Okapi Framework - Utilities

Translation Package Creation

If you are using an Okapi Tool after the M9 release, you should be using the wiki online help:
http://okapiframework.org/wiki/index.php?title=Rainbow

This utility allows you to create a translation package for a given set of input documents.

Input Parameters

Configuration

Package Format Tab

Type of package to create -- Select the type of package you want to create. Note that not all types of input document can be prepared using some type of package. For example, the type Original + RTF Layer cannot be applied to original files that or in some kind of binary formats.

There are several types of package available:

Package Location Tab

Root of the output directory -- Enter the root of the directory where to generate the package. You can use the variable ${ProjDir} to specify the directory of your project.

Package name -- Enter the name of the package to generate.

The combination of both entries makes up the full path of the output directory.

Options Tab

Compress the package into a ZIP file -- Select this option to create a ZIP file that includes the whole package.

Segmentation

Pre-segment the extracted text with the following SRX rules -- Set this option to segment the content of each extracted text unit.

SRX file for the source -- Enter the path or URL of the SRX document where to take the SRX rules for the source language. You can use the variable ${ProjDir} to specify the directory of your project.

SRX file for the target -- Enter the path or URL of the SRX document where to take the SRX rules for the target language. Note that when the same document for both languages (most of the cases), the document is read only once, saving processing time.

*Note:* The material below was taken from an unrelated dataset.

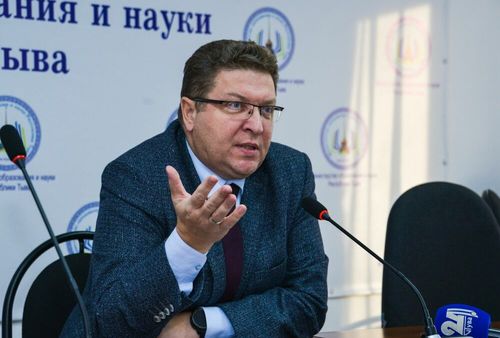 18 мая в 16:00 министр образования  Храмцов Алексей проведёт прямой эфир в официальной группе Правительства Тувы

You can use the variable ${ProjDir} to specify the directory of your project.

Pre-Translation Tab

Pre-translate the extracted text using the following TM -- Set this option to use a translation resource to leverage matches into the prepared document (if the package to generate allows to do so). Select the translation resource to use.

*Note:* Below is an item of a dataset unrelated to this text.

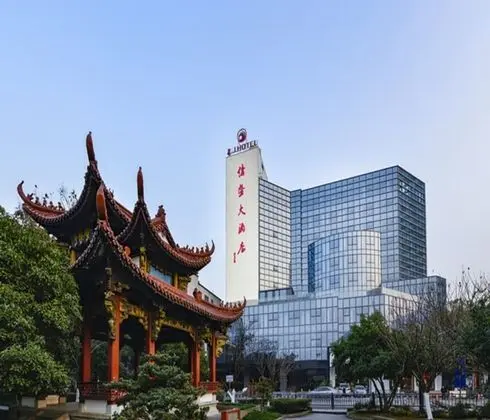 ZhuJi Grand Hotel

Settings -- Click this button to enter the settings for the selected translation resource. Not all translation resource connectors require settings. the current settings are displayed under the translation resource selection.

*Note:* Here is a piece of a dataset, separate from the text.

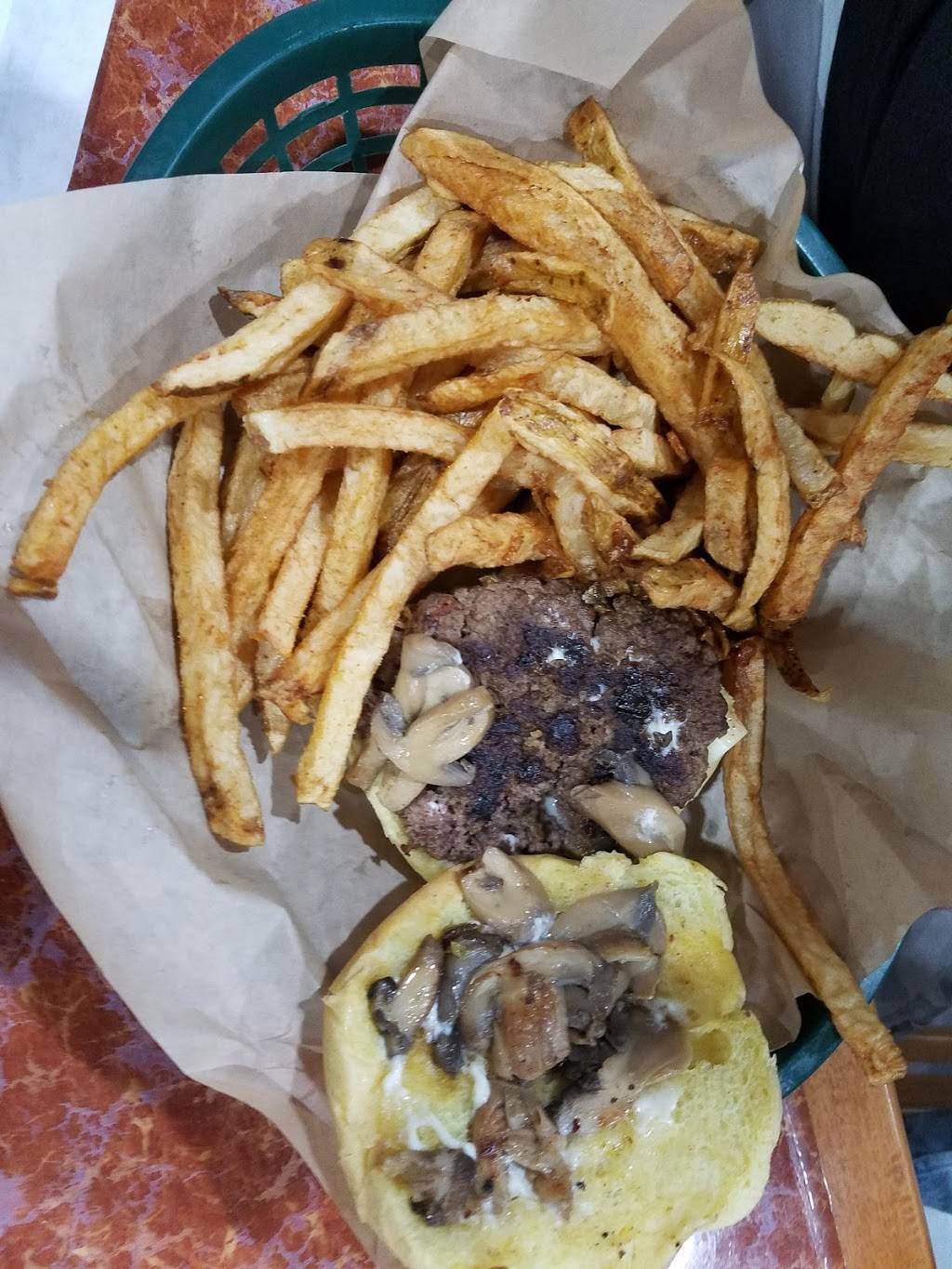 521 Filling Station | restaurant | 512 Hampton St, Kershaw, SC 29067, USA | 8034755211 OR +1 803-475-5211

Be aware that some translation resources can be slow to access (especially those accessed through Internet), and using them may cause the process to be extremely long to complete.

Penalize matches with a FileName attribute different from the document being processed -- Set this option to filter the TM matches based on the values of FileName attribute. When this option is set, only the matches that have, not only the source text but also the values for FileName that match are leveraged. When this option is not set, the leveraging is not filtered by the FileName attribute.

Penalize matches with a GroupName attribute different from the group being processed -- Set this option to filter the TM matches based on the values of GroupName attribute. When this option is set, only the matches that have, not only the source text but also the values for GroupName that match are leveraged. When this option is not set, the leveraging is not filtered by the GroupName attribute.

Leverage only matches greater or equal to -- Set the threshold under which matches should not be leveraged. the value must be between 0 (leverage anything) and 100 (leverage only exact matches). Note that if there are several matches (regardless of their scores) only the first one is generated in the TMX output and, if the selected package allows it, in the translation file.

About SimpleTM

SimpleTM is a provisional simple TM engine that can match only exact matches, and use attributes. It also allows multiple translations of the same source text. When the attributes are not used, you may get several exact matches, if at least of of them has a different translation, the segment is matched at 99% only. Segments that have the exact same text but inline codes that have different content or are in different order are matched at 99%. Optionally an additional 1% penality can be taken out of the score if the inline codes of the source and/or of the target have different content or are in a different order as the ones of the source text queried. The only types of matches SimpleTM can generate are: 100%, 99%, 98%, and 0%.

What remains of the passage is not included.